Dennis, while I, too, would prioritize the church-planting aspect of mission work, I would not deny the moniker "missionary' to those who are sent out to spread the glory of the name of Christ, even if their particular duties may focus them on humanitarian aspects of the work. In areas of extreme poverty and need, it is hard to give Good Words without also doing Good Works. Jesus preached and healed as He went.

Also, while I do grieve the short-term missions trend in US-based misssions, I would not deny the name "missions" for these short-term trips either, if they meet certain criteria, for we see men sent in the NT to fulfill short-term assignments as well.


----------



## steadfast7 (Apr 13, 2011)

Good points Perg. I don't know of any long term missionary who was not first a short term "mission tripper." Justin, have you been on a short term trip in a cross cultural situation? Highly recommend the investment.


----------



## Pergamum (Apr 13, 2011)

Dennis; Yes, my long-term calling was also confirmed first by a short-term trip, too. Groups like my own, World Team, have changed these shorter-term trips and have given them the name of "internships" so that the focus is on long-term equipping and they are more intentional and strategic and stepping-stones towards future service rather than just merely a cool way to spend a summer.


----------



## Quatchu (Apr 15, 2011)

Sorry everyone, its been a few days since Ive replied its a busy week. Everyones answers helped me allot and have given me allot to think about.

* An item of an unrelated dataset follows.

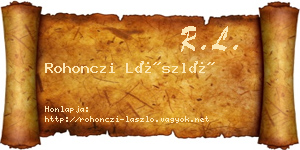 Rohonczi László névjegykártya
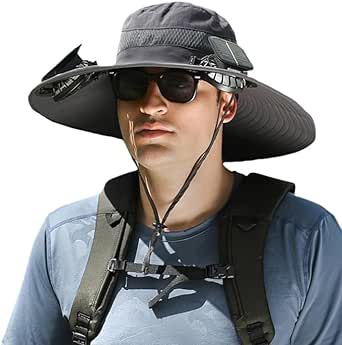 Wide Brim Solar Fan Outdoor Fishing Hat, Solar Fan Hat Upf50 , Solar Fan Hats with 2 Solar Fan Fishing Hats.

Pergamum right now I feel I'm still thinking, seeking, praying about this but I certainly will message you when and if I feel more certainly that i need to go in that direction.
Here is a bit more specifics about my situation.
Me and my wife lived in South Korea for a time and God used that time to lay on us a heart for Third Culture Kids and there family's. I'm just trying to distinguish if this is more of a missionary calling (as it is dealing with allot of North Americans, yet its in a international context.) or a Pastoral calling. Also is ministry to internationals and TKC even biblical and am I in error for considering this.


----------



## Pergamum (Apr 15, 2011)

Justin,

I believe you would fit well in what we refer to as Member Care. This is sort of a pastoral role on the mission field that prays and counsels with fellow missionaries because there is a high rate of stress on many fields. One area of specialization in Member Care would be how to care for MKs (missionary kids). There is a certain level of "transition stress" that happens between all the moving from host-country to home-country and back. Also, many MKs already have cross-cultural experience and can be mobilized to head back to the field as very able misssionaries.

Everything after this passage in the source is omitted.